Davalılar vekili cevap dilekçesinde davanın reddini savunmuştur.
Mahkemece toplanan deliller ve dosya kapsamına göre davanın kısmen kabulü-kısmen reddi ile; davacı ... "ın davasının kabulü ile 8.991,37 TL maddi, 15.000,00 TL manevi tazminatın davalılardan müştereken ve müteselsilen tahsili ile davacı ... "a ödenmesine, fazlaya ilişkin talebin ve ... Sigorta"ya yönelik manevi tazminat talebinin reddine, davacı ..."ın davasının kabulü ile 8.991,37 TL maddi, 15.000,00 TL manevi tazminatın davalılardan müştereken ve müteselsilen tahsili ile davacı ..."a ödenmesine, fazlaya ilişkin talebin ve ... Sigorta"ya yönelik manevi tazminat talebinin reddine, davacılar ..., ..., ... ve ..."ın manevi tazminat taleplerinin kısmen kabulü ile 5.000,00"er TL olmak üzere toplam 20.000,00 TL manevi tazminatın davalılardan müştereken ve müteselsilen tahsili ile davacılar ..., ..., ... ve ..."a ödenmesine, fazlaya ilişkin talebin ve ... Sigorta"ya yönelik manevi tazminat taleplerinin reddine, davacılar ..., ..., ... ve ..."ın maddi tazminat taleplerinin reddine,davacı ..."ın cenaze masrafları talebinin kabulü ile 1.000,00 TL cenaze masraflarının davalılardan müştereken ve müteselsilen tahsili ile davacı ..."a ödenmesine karar verilmiş; hüküm, davacılar ve davalılar vekilleri tarafından temyiz edilmiştir.

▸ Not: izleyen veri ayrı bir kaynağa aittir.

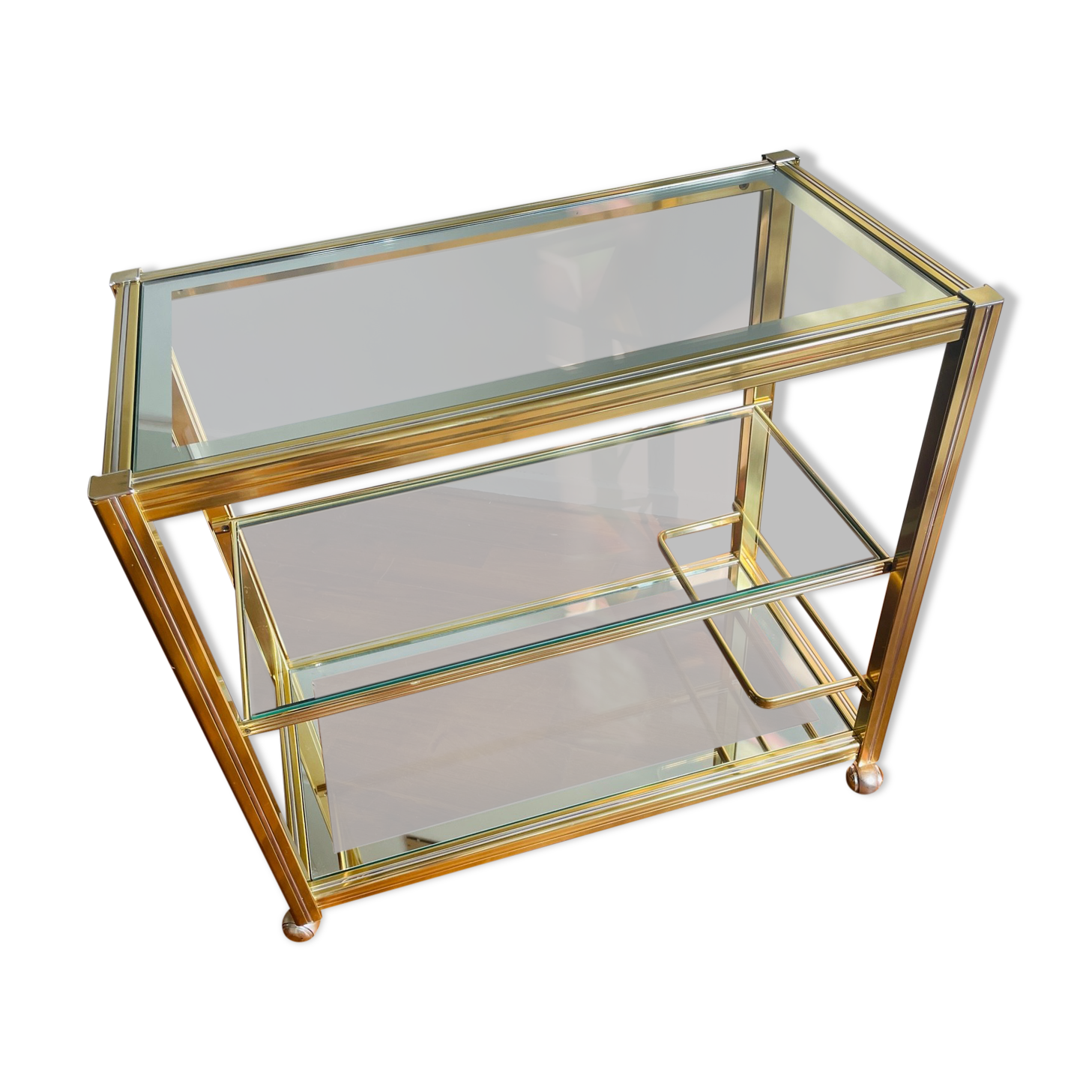 Vintage brass and glass bar cart, 1980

1-Dava ölümlü ve yaralamalı trafik kazası nedeniyle maddi ve manevi tazminat davasıdır.
6100 sayılı Hukuk Muhakemeleri Kanununun "Hükmün Kapsamı" başlıklı 297-1-b maddesinde hükmün davanın tarafları ile davaya katılanların kimlikleri ile Türkiye Cumhuriyeti kimlik numarası, varsa kanuni temsilci ve vekillerinin ad ve soy adları ile adreslerini kapsayacağı hükme bağlanmıştır.
Yerel Mahkeme kararının incelenmesinde; ilam başlığında dava dilekçesinde davacı olarak gösterilen, kazada ölen ... ve ... "ın anneleri olan ... "İlişkili kişi" olarak gösterilmiş olup, HMK"nda yargılamanın sujeleri arasında "İlişkili kişi" bulunmamaktadır. Bu nedenle davacı ..."ın ilam başlığında "İlişkili kişi" olarak gösterilmesi doğru görülmemiş, bu husus yerinde düzeltilmesi gereken hata olduğundan yerel Mahkemece ilamda düzeltilmesine karar vermek gerekmiştir.
2-Temyize konu kararın hüküm fıkrasının incelenmesinde ise; hüküm fıkrasının 1 inci bendinde kazada ölen, davacıların murisi ... yönünden maddi tazminat ödenmesine karar verildiği görülmüş olup, ölü kişi hakkında hüküm kurulması bozmayı gerektirmiştir.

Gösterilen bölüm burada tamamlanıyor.